I noted that many in my congregation seemed more concerned that the service was over exactly one hour after it began so they could get home and eat than they were about the actual worship they were involved in. I also noted that only about 10% of the congregation ever bothered attending the weekly Bible studies and prayer meetings and that most of them had never really grasped the fact that the gospel message is one of grace - instead of works – that Jesus died not to reward people who act good all the time but so that sinners can approach the throne of God and find a welcome that they do not deserve.

I had real problems with some of the people in the church. To my eyes the church was full of hypocrites . . . full of people who could barely talk the talk, let alone walk the walk.

One of the biggest issues I had at worship services in those days were the prayers of confession that were often printed in the bulletin – just like the one printed in our bulletin this morning. I don’t know about you, but sometimes I still have a strong reaction to the words that I find in prayers of confession that have been written by other people. The fact that those prayers were prayers of confession didn’t bother me. I knew I was a sinner. What bothered me were the kinds of sins that were often listed in the prayers: things like neglect of the poor, selfishness, ingratitude, racism, and similar offenses. I found it hard to pray some of those prayers because I knew in my heart that I had not done any of that stuff. I was not especially selfish or neglectful of the poor. I wasn’t a racist. I wasn’t ungrateful for all that God, and indeed other people, did for me.

All things being equal, I was on the right track. I gave a substantial amount to the work of God each year, a tenth of my income in fact, and that tithe was more than most others in the church gave, even though they had far more income.
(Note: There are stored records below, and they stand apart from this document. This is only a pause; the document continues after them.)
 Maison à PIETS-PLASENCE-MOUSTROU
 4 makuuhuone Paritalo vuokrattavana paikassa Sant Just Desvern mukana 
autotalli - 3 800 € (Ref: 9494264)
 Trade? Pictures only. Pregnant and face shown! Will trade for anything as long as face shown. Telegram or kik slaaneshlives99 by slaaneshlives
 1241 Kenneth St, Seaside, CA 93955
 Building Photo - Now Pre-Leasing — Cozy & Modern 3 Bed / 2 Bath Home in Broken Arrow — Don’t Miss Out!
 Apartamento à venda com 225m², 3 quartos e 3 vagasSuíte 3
I went to prayer meetings every Wednesday night, and I worshiped almost every Sunday morning, even if I had company coming over for lunch. I even went caroling at Christmas at the homes of shut-ins, and helped out whenever I could with church suppers and special events.
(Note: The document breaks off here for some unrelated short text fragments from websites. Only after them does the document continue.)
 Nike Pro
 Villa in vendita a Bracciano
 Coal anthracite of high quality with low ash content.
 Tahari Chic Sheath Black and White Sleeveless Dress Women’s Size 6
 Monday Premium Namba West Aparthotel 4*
Not bad, huh? I know that many of you out there have had a similar journey. You have been faithful. You have been generous. You have worked hard and asked nothing in return. Like me all those years ago, you too have realized God needs many workers to make the Kingdom grow. Like me, you knew too that your efforts have made a difference both to others and to you.

In Jesus’ day, the Pharisee acted kind of like I did. Pharisees were really good people. They were respected. People looked up to them as an example of pure devotion. Pharisees were super-religious men who were extremely careful about obeying the all of the religious laws. When the Pharisee prayed, everyone listened up. And those listening might say, “I really admire that guy’s commitment to religion. If anyone is going to heaven, it’s that Pharisee over there.” The tax collector was at the very bottom of the religious food chain. If you had been a good Jew listening to Jesus, when he mentioned the Pharisee you would have cheered, “Yeah! Hurrah for the good guy!” When He mentioned the tax collector, you would have booed. But Jesus is always full of surprises. If we were listening to Jesus, we might expect him to praise the impeccable faith of the Pharisee. Instead, he holds up the sinner as the model of real faith. Something is not right here.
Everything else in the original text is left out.